Something to note: several of the quasi-splinter groups such as the Lollards and the Waldensians ended up aligning with Protestants after the Reformation, but many of the documents we have for them come from a point in time after they had been influenced by mainstream Protestant views. Thus, it's not clear what all their beliefs and practices were in earlier times. Clearly, their affiliation indicates they were closer to Protestantism than Catholicism, but they may have been primarily anti-Catholic for various reasons without originally holding to vital Protestant principles.


----------



## Semper Fidelis (Jul 28, 2013)

It's a little easier to see the pre-Reformational influence of the Lollards, especially since Luther declared: ""Ich ben ein Hussite!" (I am a Hussite)

The Waldensians are obviously much earlier. It seems the Waldensians owe much to the French never quite being on board with Rome after the whole mess with the Papacy being in Avignon.
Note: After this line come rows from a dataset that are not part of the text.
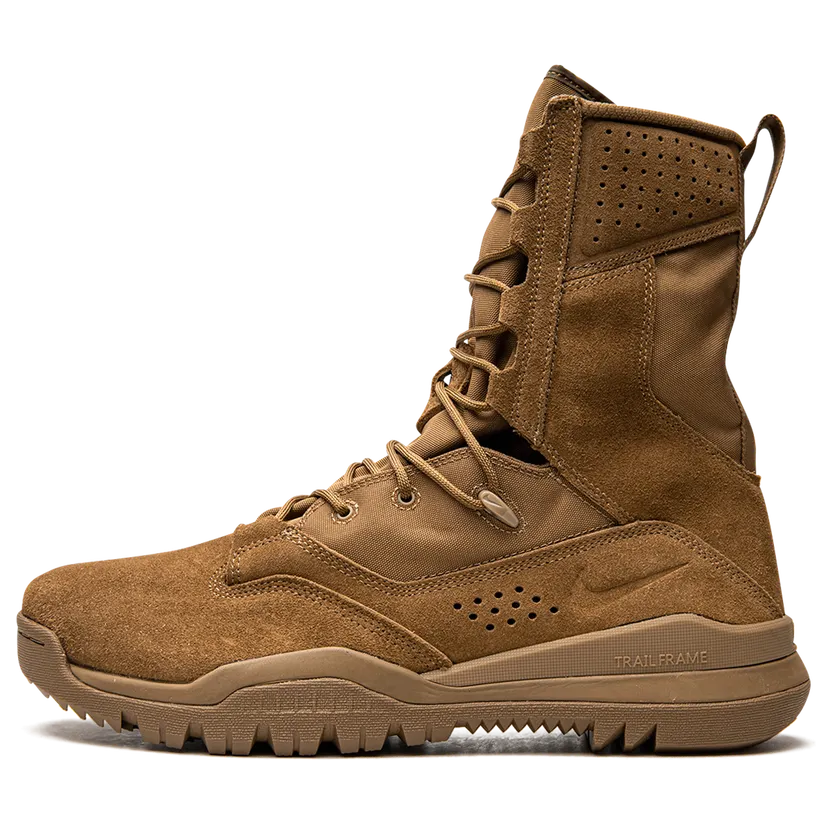 Nike SFB Field 2 8″ Coyote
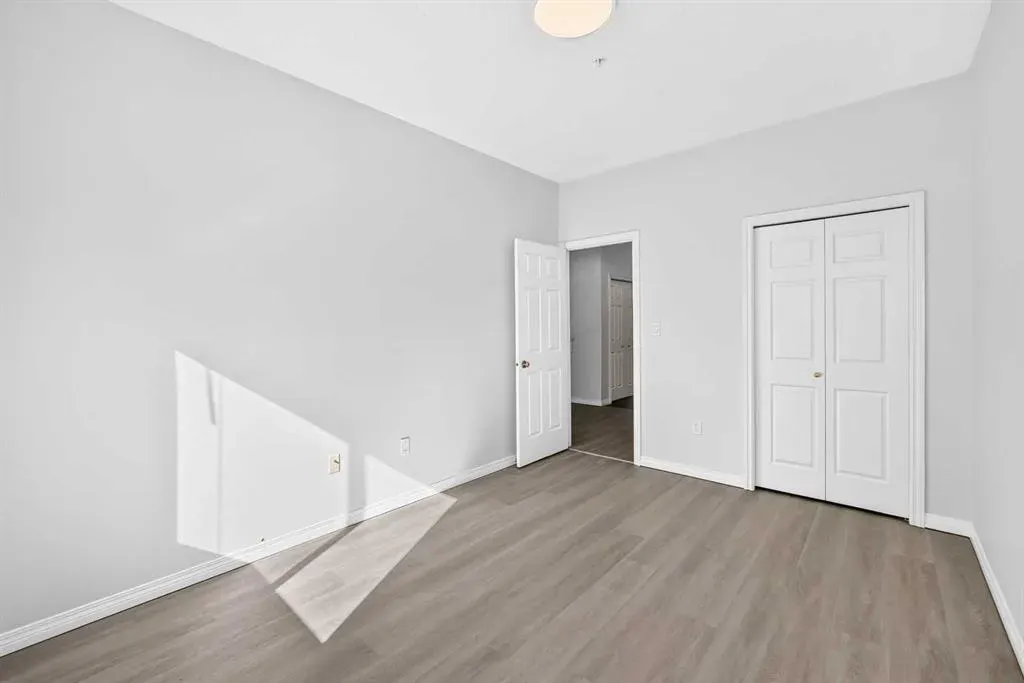 777 3 Avenue SW #412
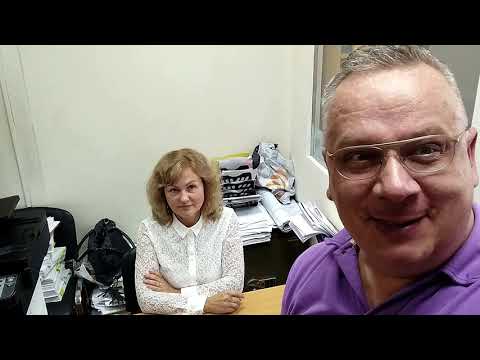Лесотехническая экспертиза // Незаконная вырубка леса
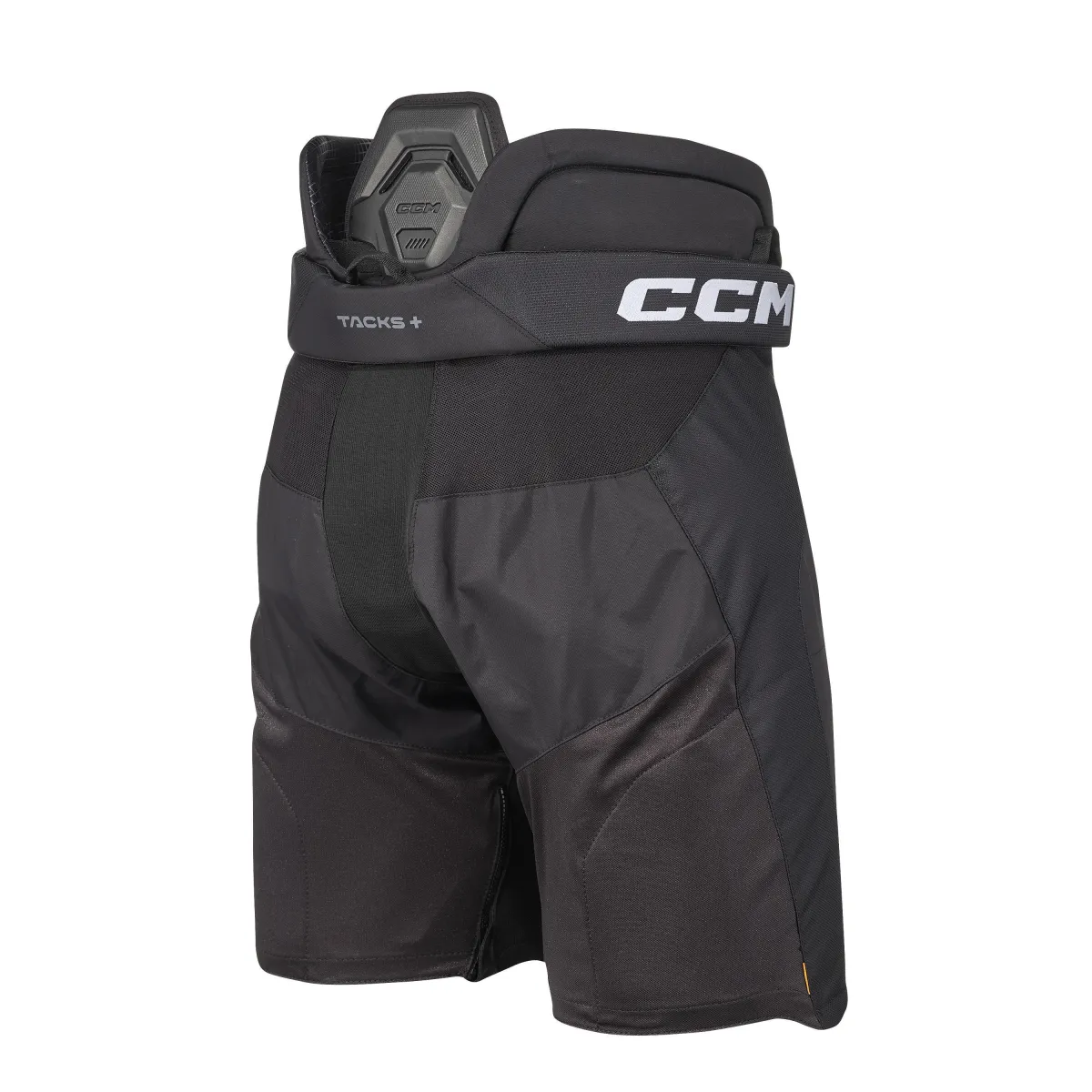 Hockey Pants CCM Tacks+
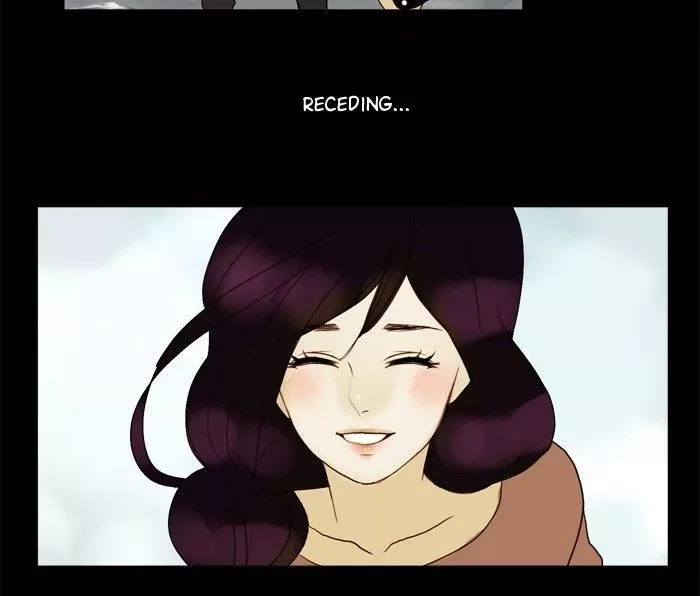 Siren's Lament Chapter 37 page 22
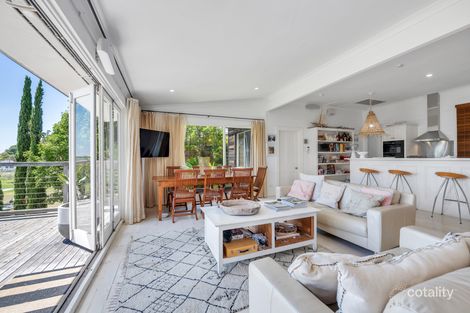 Property photo of 65 Batson Parade Hindmarsh Island SA 5214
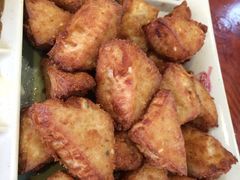 -美玲拉面(鞍山西道店)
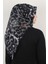 Pamuklu Trend Eşarp 9906-14 2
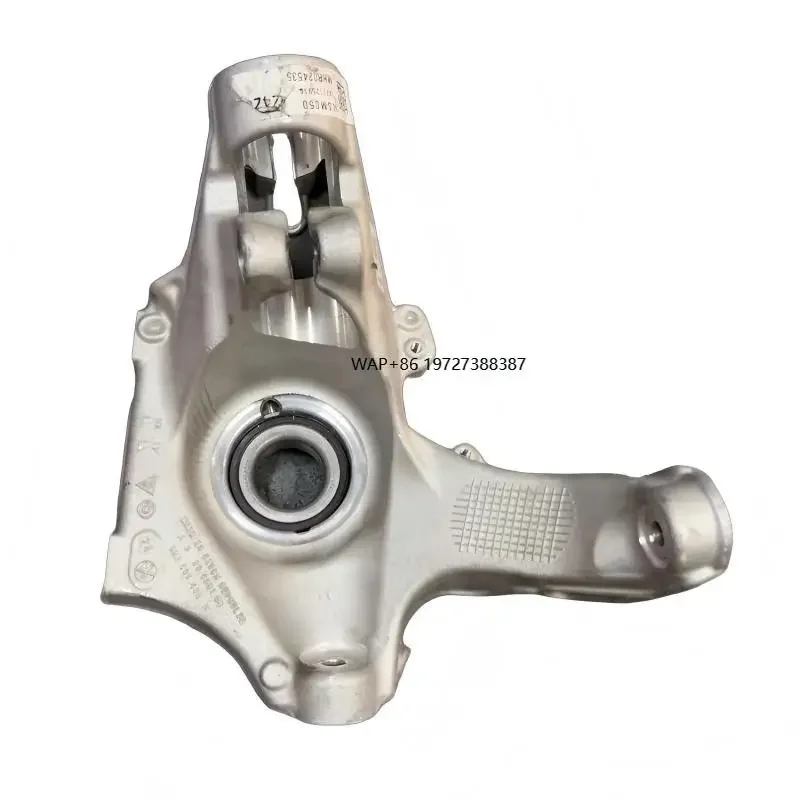 

High quality, suitable for 718 front and rear control arms, 982 front and rear control arms 982505051J 982505052J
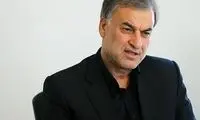 نماینده شازند: از رویِ عقده، کشف حجاب می‌کنند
I find it fascinating, in the Providence of God, how some of the national elements came together to set the conditions for the Reformation to survive.


----------



## RamistThomist (Jul 28, 2013)

For a fun fictonal read, try _Rora_ by Huggins. It's on a Waldensian hero.


----------



## SRoper (Jul 30, 2013)

Semper Fidelis said:


> It's a little easier to see the pre-Reformational influence of the Lollards, especially since Luther declared: ""Ich ben ein Hussite!" (I am a Hussite)



Weren't the Lollards English and the Hussites Czech? Is it typical to apply the term Lollard to the Hussite movement?


----------



## SeanPatrickCornell (Jul 30, 2013)

Correct. The "Lollards" were followers of John Wycliffe in England. The "Hussites" were followers of Jan Hus in Czechoslovakia.

Lollards are not Hussites.


----------



## RamistThomist (Jul 30, 2013)

True, but Hus drew heavily from Wycliff's work.


----------



## SeanPatrickCornell (Jul 30, 2013)

I have no doubt of that.


----------